A/N Remus and Sirius are alive again. I REALLY DIDN'T WANT THEM TO DIE!
Remember I own nothing but the story – all character rights go to J.K. Rowling
"I must be mad!" Harry stared down at the ring in the simple black velvet box. He had been planning on asking his girlfriend Ginny to marry him for months. But now that he actually held the ring, which twinkled with deceptive innocence in his hand, all his prized Gryffindor courage had deserted him. He looked helplessly at his godfather who was seemed to be trying very hard to hide a grin. "What the bloody hell is so funny?" This only made Sirius shake with mirth.
"I happen to recall another Potter male who was in your very place. Remember Remy?"
"In vivid detail Padfoot." Remus came to stand with them and looked at the ring.
"You mean dad? What happened?" This question caused the men to snicker into their hands.
"Well let's put it this way Harry," Sirius said, "Your dad was beyond scared. He knew how to pull pranks alright. But considering it took him 6 years to convince Lily to just go out with him, you can imagine his expertise in the romance department."
Sensing an infamous marauder story coming on, Harry was immediately interested. "Tell me please." He nearly begged, "Maybe I could get some tips."
Remus laughed outright, "Unless you want tips on what NOT to do."
"Whichever," Harry waved his hand dismissively, "anything at this point."

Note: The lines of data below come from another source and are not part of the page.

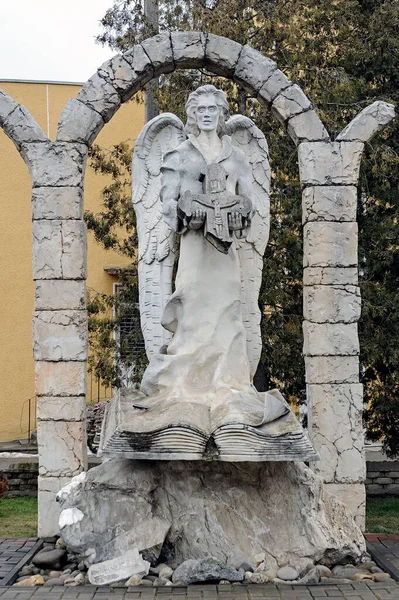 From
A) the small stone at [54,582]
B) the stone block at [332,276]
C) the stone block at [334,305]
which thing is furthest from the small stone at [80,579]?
the stone block at [332,276]

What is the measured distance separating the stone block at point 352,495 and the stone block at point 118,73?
12.7ft

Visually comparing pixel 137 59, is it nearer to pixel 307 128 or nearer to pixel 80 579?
pixel 307 128

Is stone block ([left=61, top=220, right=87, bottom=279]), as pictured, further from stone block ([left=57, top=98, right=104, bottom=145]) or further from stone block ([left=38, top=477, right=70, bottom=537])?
stone block ([left=38, top=477, right=70, bottom=537])

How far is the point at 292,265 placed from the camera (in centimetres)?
915

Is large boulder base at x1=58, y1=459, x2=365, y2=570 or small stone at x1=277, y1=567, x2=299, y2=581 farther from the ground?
large boulder base at x1=58, y1=459, x2=365, y2=570

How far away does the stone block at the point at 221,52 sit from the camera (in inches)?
281

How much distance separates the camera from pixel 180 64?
23.6 ft

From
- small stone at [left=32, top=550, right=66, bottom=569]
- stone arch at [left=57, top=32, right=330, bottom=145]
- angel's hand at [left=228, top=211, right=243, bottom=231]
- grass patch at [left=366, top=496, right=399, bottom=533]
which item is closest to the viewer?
small stone at [left=32, top=550, right=66, bottom=569]

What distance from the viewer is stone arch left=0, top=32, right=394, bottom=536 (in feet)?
22.5

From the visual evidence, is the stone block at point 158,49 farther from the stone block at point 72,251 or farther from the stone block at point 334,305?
the stone block at point 334,305

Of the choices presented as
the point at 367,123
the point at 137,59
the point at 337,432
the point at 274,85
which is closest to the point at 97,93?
the point at 137,59

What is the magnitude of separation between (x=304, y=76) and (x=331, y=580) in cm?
604

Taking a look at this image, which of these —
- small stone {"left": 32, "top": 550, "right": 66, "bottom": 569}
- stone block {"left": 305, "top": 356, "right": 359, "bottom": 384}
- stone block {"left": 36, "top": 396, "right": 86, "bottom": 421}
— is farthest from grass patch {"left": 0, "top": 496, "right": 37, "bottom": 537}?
stone block {"left": 305, "top": 356, "right": 359, "bottom": 384}

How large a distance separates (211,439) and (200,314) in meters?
1.14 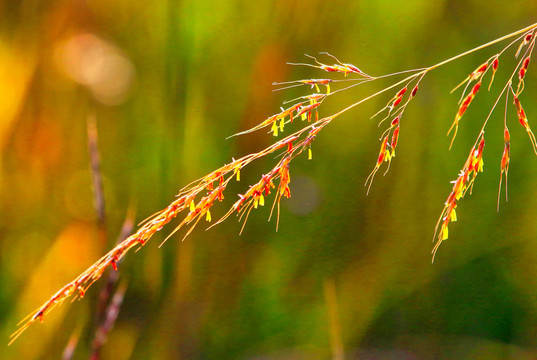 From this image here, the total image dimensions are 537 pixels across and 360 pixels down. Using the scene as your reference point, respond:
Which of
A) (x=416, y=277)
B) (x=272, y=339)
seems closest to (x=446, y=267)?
(x=416, y=277)

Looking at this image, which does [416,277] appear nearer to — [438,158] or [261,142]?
[438,158]

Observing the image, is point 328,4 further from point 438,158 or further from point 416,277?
point 416,277

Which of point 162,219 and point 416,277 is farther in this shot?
point 416,277

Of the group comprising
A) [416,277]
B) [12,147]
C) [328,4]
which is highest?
[328,4]

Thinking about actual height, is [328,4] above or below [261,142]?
above

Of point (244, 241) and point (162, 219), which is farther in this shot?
point (244, 241)

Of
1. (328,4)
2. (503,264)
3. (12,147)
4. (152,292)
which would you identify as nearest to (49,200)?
(12,147) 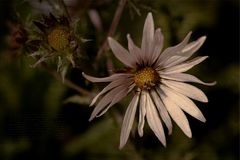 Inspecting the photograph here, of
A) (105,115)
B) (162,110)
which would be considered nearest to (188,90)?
(162,110)

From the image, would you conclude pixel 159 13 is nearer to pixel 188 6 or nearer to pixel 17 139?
pixel 188 6

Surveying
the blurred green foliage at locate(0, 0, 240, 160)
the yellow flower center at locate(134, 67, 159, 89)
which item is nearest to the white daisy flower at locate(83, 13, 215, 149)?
the yellow flower center at locate(134, 67, 159, 89)

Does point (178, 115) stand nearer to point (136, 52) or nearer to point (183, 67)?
point (183, 67)

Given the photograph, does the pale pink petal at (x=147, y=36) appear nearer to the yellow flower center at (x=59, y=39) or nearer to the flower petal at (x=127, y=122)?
the flower petal at (x=127, y=122)

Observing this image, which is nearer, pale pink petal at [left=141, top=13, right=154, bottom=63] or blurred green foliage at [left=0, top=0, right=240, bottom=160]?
pale pink petal at [left=141, top=13, right=154, bottom=63]

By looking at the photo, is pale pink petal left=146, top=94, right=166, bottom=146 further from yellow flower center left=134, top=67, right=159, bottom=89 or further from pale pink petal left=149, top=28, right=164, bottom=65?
pale pink petal left=149, top=28, right=164, bottom=65

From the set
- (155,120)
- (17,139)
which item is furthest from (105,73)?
(17,139) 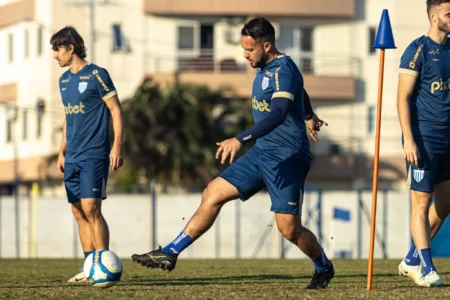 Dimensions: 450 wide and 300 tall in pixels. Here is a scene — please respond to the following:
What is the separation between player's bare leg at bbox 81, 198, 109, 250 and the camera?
11.9 metres

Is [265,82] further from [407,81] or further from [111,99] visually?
[111,99]

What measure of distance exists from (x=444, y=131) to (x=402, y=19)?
39.0 meters

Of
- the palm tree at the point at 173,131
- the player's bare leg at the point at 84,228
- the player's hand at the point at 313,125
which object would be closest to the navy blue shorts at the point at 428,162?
the player's hand at the point at 313,125

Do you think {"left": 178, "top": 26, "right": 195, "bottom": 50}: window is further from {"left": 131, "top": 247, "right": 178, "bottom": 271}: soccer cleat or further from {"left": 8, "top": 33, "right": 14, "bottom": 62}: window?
{"left": 131, "top": 247, "right": 178, "bottom": 271}: soccer cleat

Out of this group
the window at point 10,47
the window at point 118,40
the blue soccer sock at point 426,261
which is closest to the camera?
the blue soccer sock at point 426,261

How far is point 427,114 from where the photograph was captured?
35.6 ft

Sirius was always eager to tell stories to Harry about James. He knew that Harry would give anything to know more about his dad and mum and was all too happy to oblige. "Alright then we'll tell you, shall we continue this in the den?"
As they settled in by the fire, both men could see Harry's not-so-expertly concealed excitement and smiled. Remus began, "Our story begins on a hot day in August…"
Sirius's apartment some 20 years ago…
"I must be mad!" James Potter slammed his head into Sirius's table. He could still hear the titters of his so called best friends, "What the bloody hell is so funny?" he demanded as the three men quickly turned away and coughed into their hands to hide their smiles.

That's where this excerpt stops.